Segurança pública, insegurança privada

Artigo de opinião escrito pelo professor António Caselas, AE de Santa Catarina


Para que servem os factos e as estatísticas se o que conta são as opiniões e as agendas ideológicas? Ou, no dizer de alguns, as perceções? Vivemos num país inseguro? Ocorreram atentados terroristas? Confrontos entre grupos de cidadãos e a polícia de choque? Violência urbana e vandalismo? Guerras de gangues? Tiroteios em escolas? Confrontos entre a polícia e ‘anarquistas’? Mortes recorrentes devido a assassinos em série? Invasão de instituições de poder por parte de extremistas?

Nem por isso. Mas alguns insistem em falar diariamente em violência e insegurança. O país está a saque. Pior só o Haiti. Portugal é um país perigoso. Se calhar justificam-se fugas em massa e movimentos migratórios. No entanto, existe de facto uma onda de violência que é ignorada ou ocasionalmente abordada. Mas não se enquadra muito na opinião massificada e demagógica, nas ‘realidades importadas’ e nas perceções da moda.

Trata-se da violência de género. Uma violência, sobretudo, contra as mulheres. Estas são agredidas, assassinadas e discriminadas. As medidas de segurança e as penas contra os agressores são ineficazes ou brandas. Os relatos e as mortes multiplicam-se. Apesar de não ser uma situação exclusiva de Portugal, não é uma ‘realidade importada’. É uma violência real, recorrente e inaceitável. Não seduz o discurso político e populista. Não mobiliza a fúria das massas e não entretém os jovens em busca de novidades e fantasias disseminadas pelo Instagram e pelo Tik Tok, pelo Facebook e pelo X.

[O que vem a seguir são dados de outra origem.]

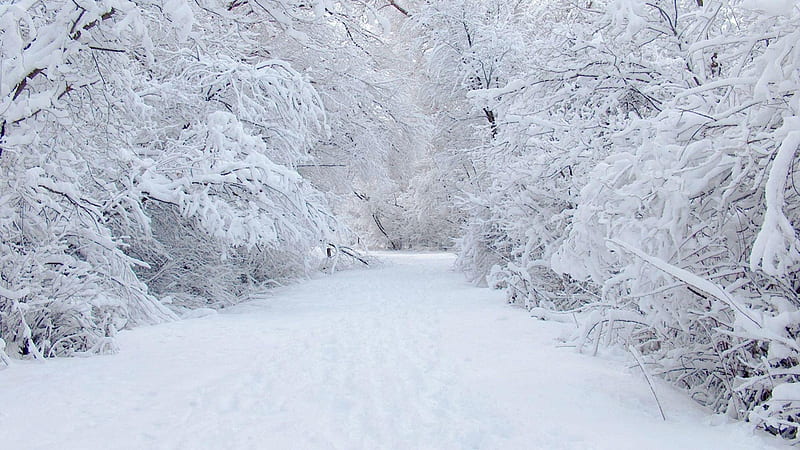 Nieve perfecta, bosque, árboles, invierno, frío, copos, luz del día, nieve,  brillante, Fondo de pantalla HD | Peakpx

Pelo contrário. É muitas vezes ignorada e neutralizada. Passa ao lado e torna-se banal. É uma ‘coisa normal’. Normaliza-se o que não existe e cancela-se o que existe. Levantam-se ondas de alarmismo por tudo e por nada. Exige-se, absurdamente, violência zero num país que é considerado seguro ou pacífico por comparação com outros ‘mais avançados’ ou ‘mais desenvolvidos’. Sobrepõe-se uma violência fantasmática a uma violência real e destrutiva, apesar de ‘privada’ (não esquecendo que a violência doméstica já é um crime público).

São as mulheres, algumas mulheres, demasiadas mulheres que estão em risco. Que se podem sentir inseguras e ameaçadas. Que sofrem violência física e psicológica e que são, muitas vezes, demasiadas vezes, agredidas e assassinadas. Ocupemo-nos dessa insegurança em vez de inventar outras.